Configure the Capture Session

The 3 x 3 Laplacian kernel used in this sample will report a lot of noise if applied to a full-resolution image. To reduce this noise, use a downscaled image by defining the capture session's preset to a size that's smaller than the camera's native resolution:

captureSession.sessionPreset = .hd1280x720

To learn more about configuring a capture session, see Setting Up a Capture Session.

Define the Photo Settings

The sample defines the AVCapturePhotoBracketSettings object, that specifies the capture features and settings, in BlurDetector.takePhoto().

The sharpness detection algorithm in this sample works on a grayscale image. Use one of the camera's YpCbCr pixel formats, either kCVPixelFormatType_420YpCbCr8BiPlanarVideoRange or kCVPixelFormatType_420YpCbCr8BiPlanarFullRange. These formats represent the luminance of the image using one plane, and color information on separate planes.

The following code checks that the current device supports one or both of these formats:

let pixelFormat: FourCharCode = {
    if photoOutput.availablePhotoPixelFormatTypes
        .contains(kCVPixelFormatType_420YpCbCr8BiPlanarFullRange) {
        return kCVPixelFormatType_420YpCbCr8BiPlanarFullRange
    } else if photoOutput.availablePhotoPixelFormatTypes
        .contains(kCVPixelFormatType_420YpCbCr8BiPlanarVideoRange) {
        return kCVPixelFormatType_420YpCbCr8BiPlanarVideoRange
    } else {
        fatalError("No available YpCbCr formats.")
    }
}()

Create an array of AVCaptureAutoExposureBracketedStillImageSettings instances and define the exposure target bias of each to currentExposureTargetBias.
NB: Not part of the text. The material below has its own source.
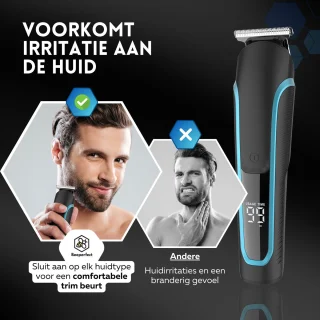 6-in-1 Baardtrimmer voor Mannen met Opzetstukken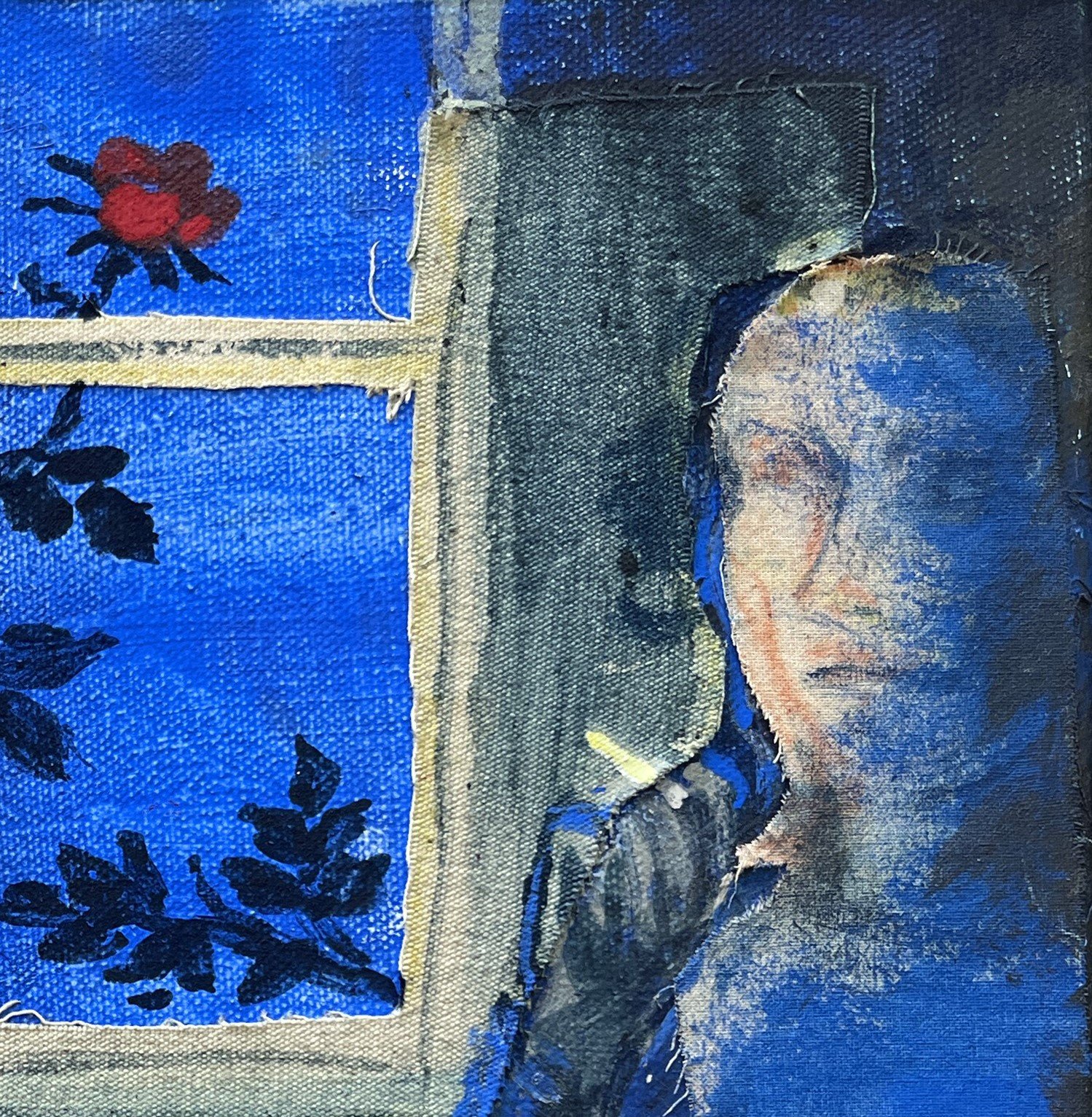 Alice-Macdonald-Blue-Kitchen-Window-2024- 31.5 x 27-cm-distemper-and-cut-out-on-canvas-framed-£750-Oliver-Projects - detail.jpg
The maximum number of items in the array is defined by the maxBracketedCapturePhotoCount property of the AVCapturePhotoOutput object:

let exposureSettings = (0 ..< photoOutput.maxBracketedCapturePhotoCount).map { _ in
    AVCaptureAutoExposureBracketedStillImageSettings.autoExposureSettings(
        exposureTargetBias: AVCaptureDevice.currentExposureTargetBias)
}

Use the array of exposure settings and the first available YpCbCr format type to define the bracketed settings:

let photoSettings = AVCapturePhotoBracketSettings(
    rawPixelFormatType: 0,
    processedFormat: [kCVPixelBufferPixelFormatTypeKey as String: pixelFormat],
    bracketedSettings: exposureSettings)

Use the AVCapturePhotoBracketSettings instance to capture the sequence of images:

photoOutput.capturePhoto(with: photoSettings,
                         delegate: self)

Acquire the Captured Image

For each captured image, AVFoundation calls the photoOutput(_:didFinishProcessingPhoto:error:) method.

Use the pixelBuffer property of the AVCapturePhoto instance supplied by AVFoundation to acquire the uncompressed CVPixelBuffer that contains the captured photograph. While your code is accessing the pixel data of the pixel buffer, use CVPixelBufferLockBaseAddress to lock the base address:

guard let pixelBuffer = photo.pixelBuffer else {
    fatalError("Error acquiring pixel buffer.")
}

CVPixelBufferLockBaseAddress(pixelBuffer,
                             CVPixelBufferLockFlags.readOnly)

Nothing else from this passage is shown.